Quanto sei legato al pugilato?
“Sono totalmente legato. Il mio rapporto con la boxe è 24 ore su 24. Guardo qualsiasi match trasmetta la televisione, mi alleno, parlo di pugilato. Non posso rimanerne un minuto lontano. Sotto questo aspetto sono un tormento per chi mi sta vicino. Ma ho un debito di riconoscenza con questo sport”.
In che senso?
“Mi ha salvato la vita, ma non per modo di dire. Mi ha davvero salvato la vita. Ero uno sbandato, sarei finito davvero male. Avevo dei problemi in famiglia, se non ci fosse stato il pugilato mi sarei perso. Ne sono certo. Avrei buttato via la mia vita in cose brutte come la droga, le cattive compagnie, le risse in strada. Ero sempre stravaccato su una panchina senza pensare al domani. Mi infilavo in ogni rissa, delinquenza e rischi di tossicodipendenza a un passo. È stata la mamma a portarmi in palestra. Abbiamo lottato assieme. La vita l’abbiamo riconquistata l’una accanto all’altro. Sono molto legato a lei. Eravamo soli, ce l’abbiamo fatta”.
C’è qualcun altro in famiglia che ti ha aiutato?
“Mio zio Romeo, lavora nella ristorazione. Mi fa compagnia, si allena con me, facciamo footing assieme. Mi dà una mano anche nelle sedute di sparring. Non so se ce l’avrei fatta senza di lui. È un grande!”
Il tuo pugilato è fatto di velocità, colpi d’incontro e grande ritmo. Sei uno dei pochi che dalle nostre parti tiri montanti efficaci. È un colpo che ti viene naturale?
“L’ho sempre portato, il lavoro in palestra l’ha migliorato. Lo so, è un pugno pericoloso: ti esponi ai colpi d’incontro, soprattutto al gancio. Ma mi piace tirarlo mi aiuta a vincere, e poi sono veloce a tornare in guardia”.
Oltre a tirare i colpi, cosa ti ha insegnato la boxe?

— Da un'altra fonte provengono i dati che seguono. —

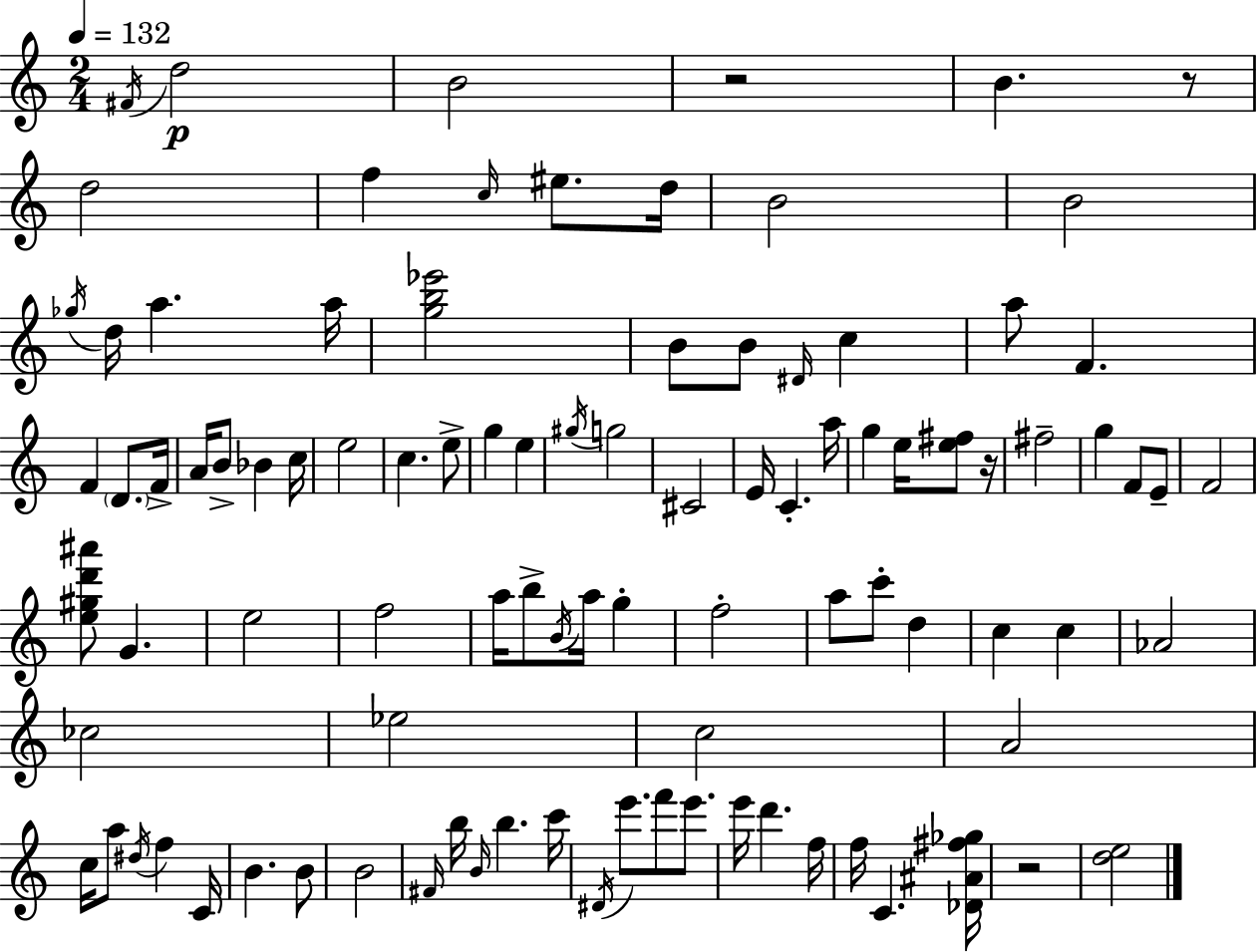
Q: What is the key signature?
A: C major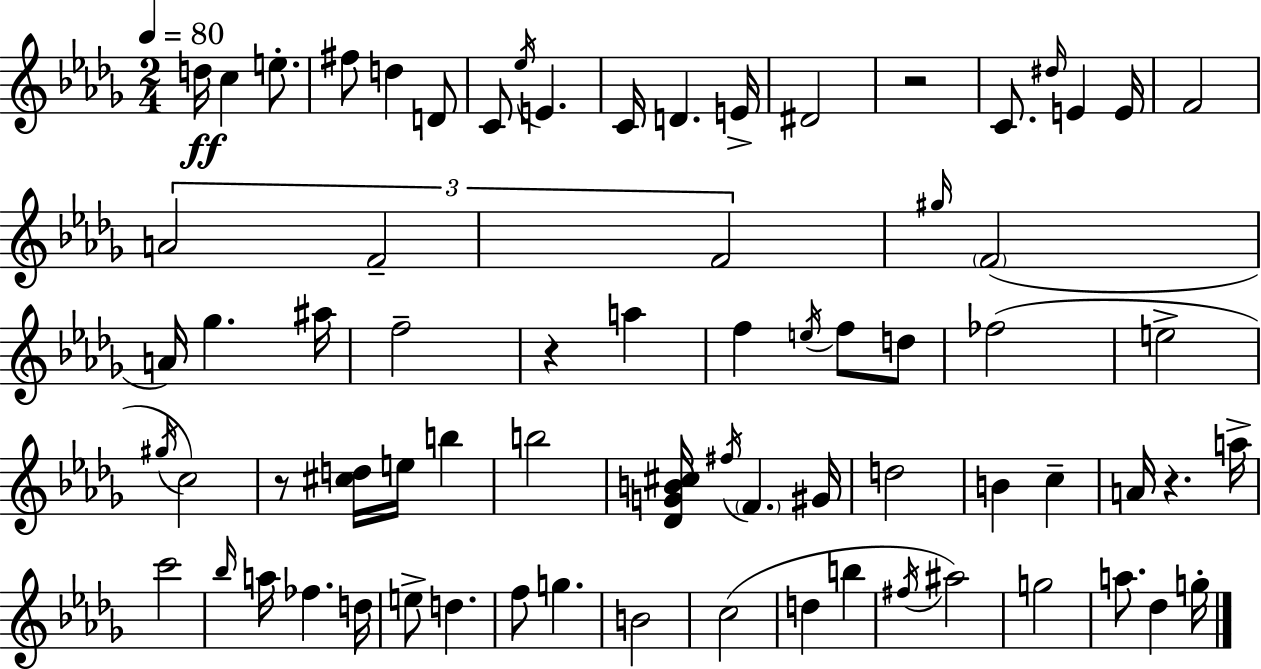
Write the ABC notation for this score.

X:1
T:Untitled
M:2/4
L:1/4
K:Bbm
d/4 c e/2 ^f/2 d D/2 C/2 _e/4 E C/4 D E/4 ^D2 z2 C/2 ^d/4 E E/4 F2 A2 F2 F2 ^g/4 F2 A/4 _g ^a/4 f2 z a f e/4 f/2 d/2 _f2 e2 ^g/4 c2 z/2 [^cd]/4 e/4 b b2 [_DGB^c]/4 ^f/4 F ^G/4 d2 B c A/4 z a/4 c'2 _b/4 a/4 _f d/4 e/2 d f/2 g B2 c2 d b ^f/4 ^a2 g2 a/2 _d g/4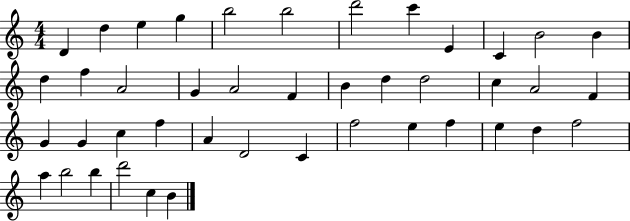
{
  \clef treble
  \numericTimeSignature
  \time 4/4
  \key c \major
  d'4 d''4 e''4 g''4 | b''2 b''2 | d'''2 c'''4 e'4 | c'4 b'2 b'4 | \break d''4 f''4 a'2 | g'4 a'2 f'4 | b'4 d''4 d''2 | c''4 a'2 f'4 | \break g'4 g'4 c''4 f''4 | a'4 d'2 c'4 | f''2 e''4 f''4 | e''4 d''4 f''2 | \break a''4 b''2 b''4 | d'''2 c''4 b'4 | \bar "|."
}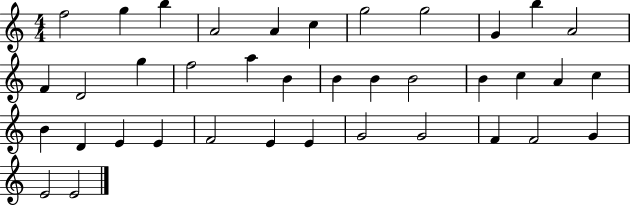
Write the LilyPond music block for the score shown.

{
  \clef treble
  \numericTimeSignature
  \time 4/4
  \key c \major
  f''2 g''4 b''4 | a'2 a'4 c''4 | g''2 g''2 | g'4 b''4 a'2 | \break f'4 d'2 g''4 | f''2 a''4 b'4 | b'4 b'4 b'2 | b'4 c''4 a'4 c''4 | \break b'4 d'4 e'4 e'4 | f'2 e'4 e'4 | g'2 g'2 | f'4 f'2 g'4 | \break e'2 e'2 | \bar "|."
}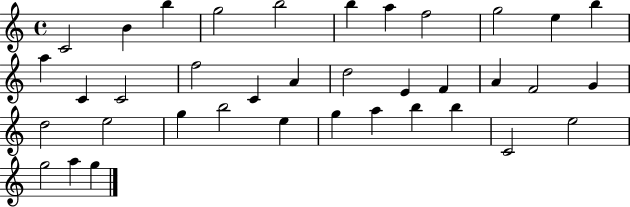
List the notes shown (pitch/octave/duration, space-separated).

C4/h B4/q B5/q G5/h B5/h B5/q A5/q F5/h G5/h E5/q B5/q A5/q C4/q C4/h F5/h C4/q A4/q D5/h E4/q F4/q A4/q F4/h G4/q D5/h E5/h G5/q B5/h E5/q G5/q A5/q B5/q B5/q C4/h E5/h G5/h A5/q G5/q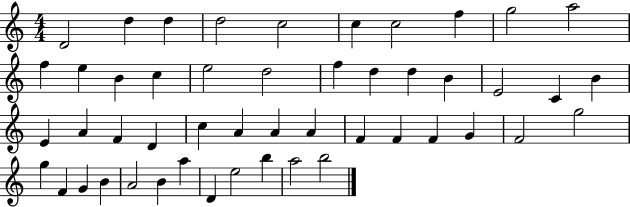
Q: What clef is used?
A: treble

“Mi ha insegnato che dedizione, sacrificio, impegno sono le chiavi del successo. Nello sport e nella vita, sono i veri valori. E poi il rispetto dell’avversario, non deve mai mancare. Per ultimo, ma non ultimo, mi ha insegnato a capire bene le persone. In altre parole, pochi amici ma buoni”.